-- Data shown follows --

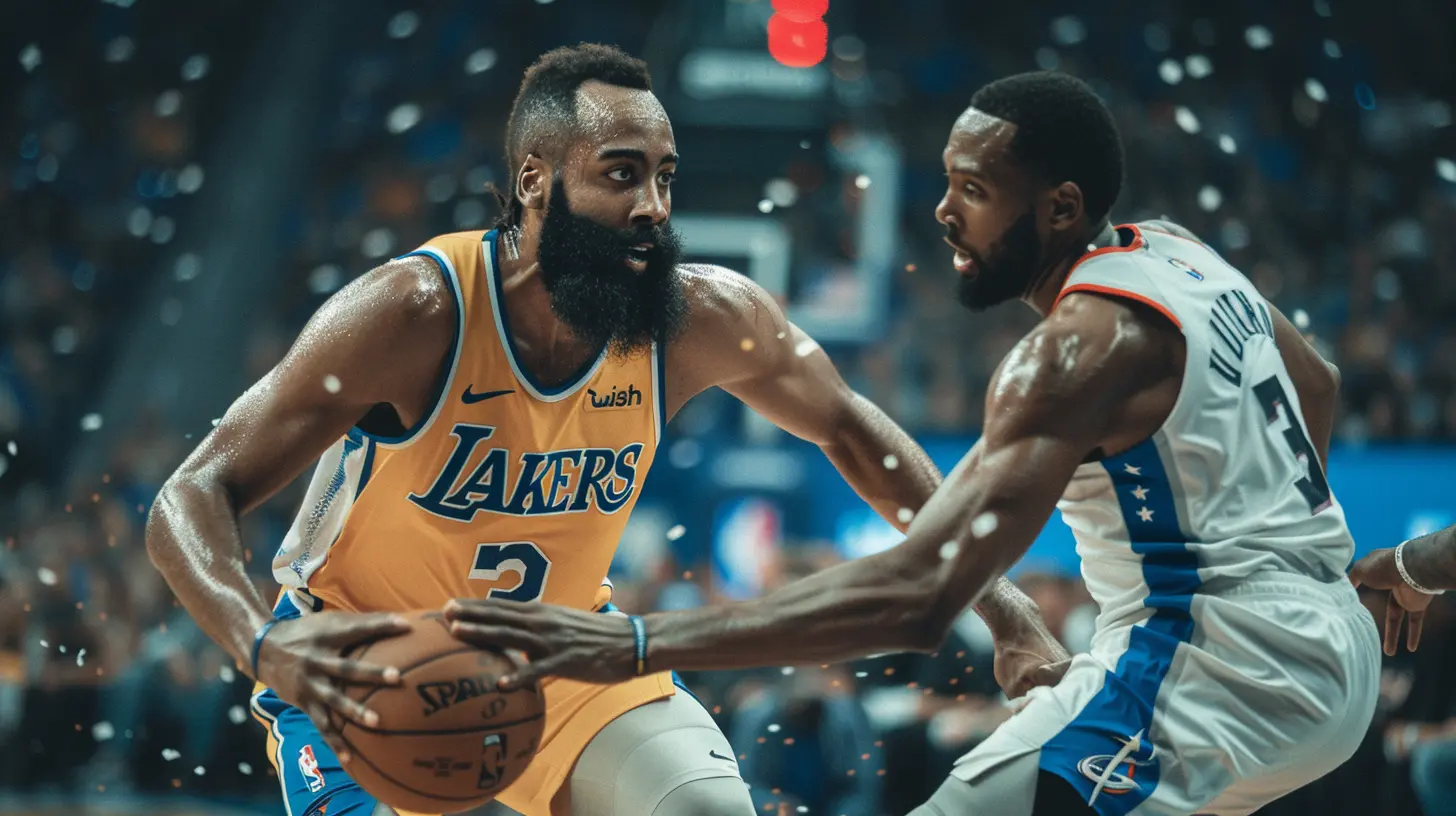What All-Star Games Reveal About the Future of Analytics in Sports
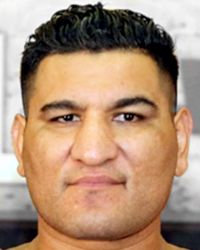 CHRIS ARREOLA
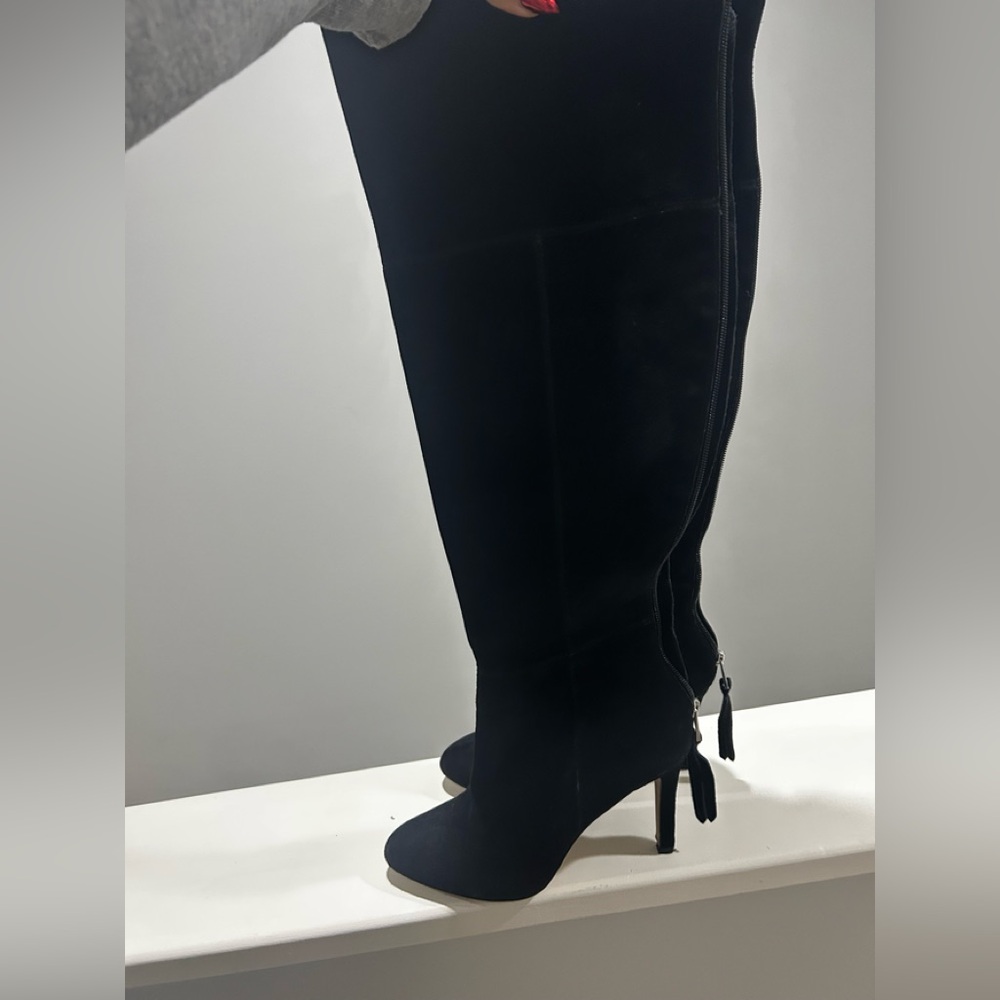 ❤️Dolce vita suede boots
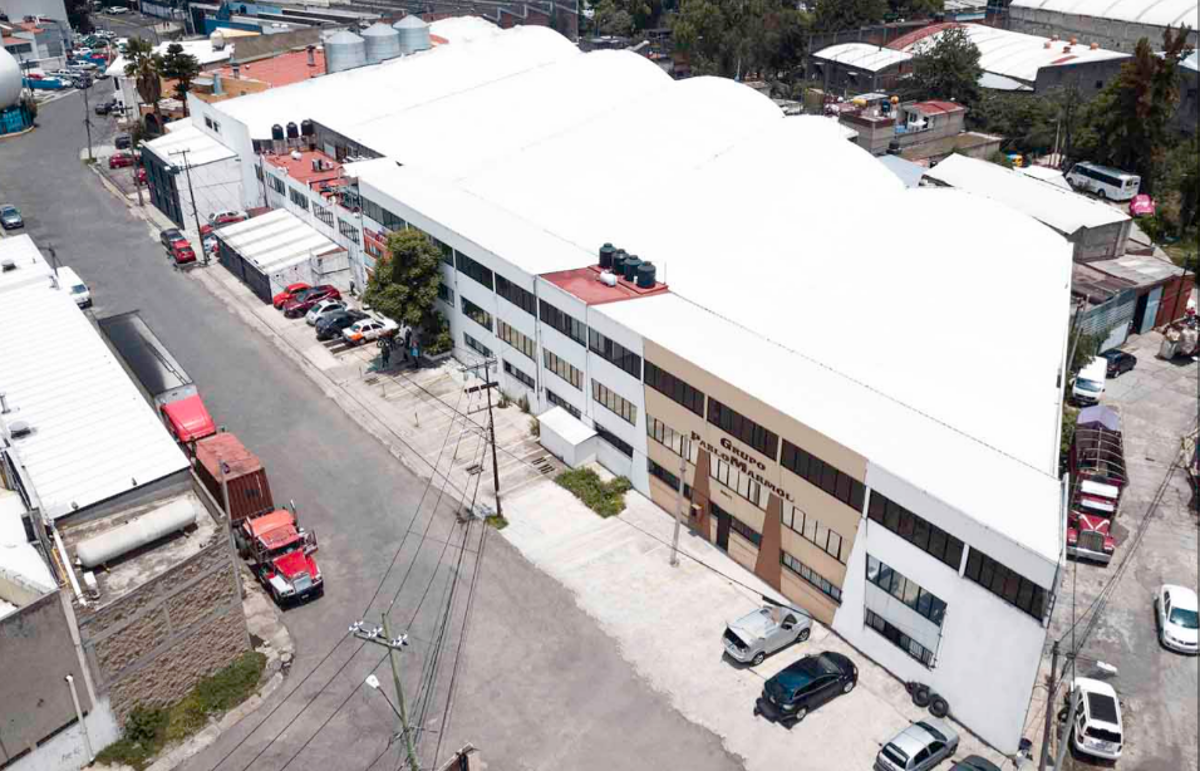 Oficina en renta en Barrio el Torito, Naucalpan de Juárez — foto 1 de 12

-- Data shown concluded --

Aim of the exercise
Please return the full listing word for word, but without any pictures.

Expected answer
What All-Star Games Reveal About the Future of Analytics in Sports
 CHRIS ARREOLA
 ❤️Dolce vita suede boots
 Oficina en renta en Barrio el Torito, Naucalpan de Juárez — foto 1 de 12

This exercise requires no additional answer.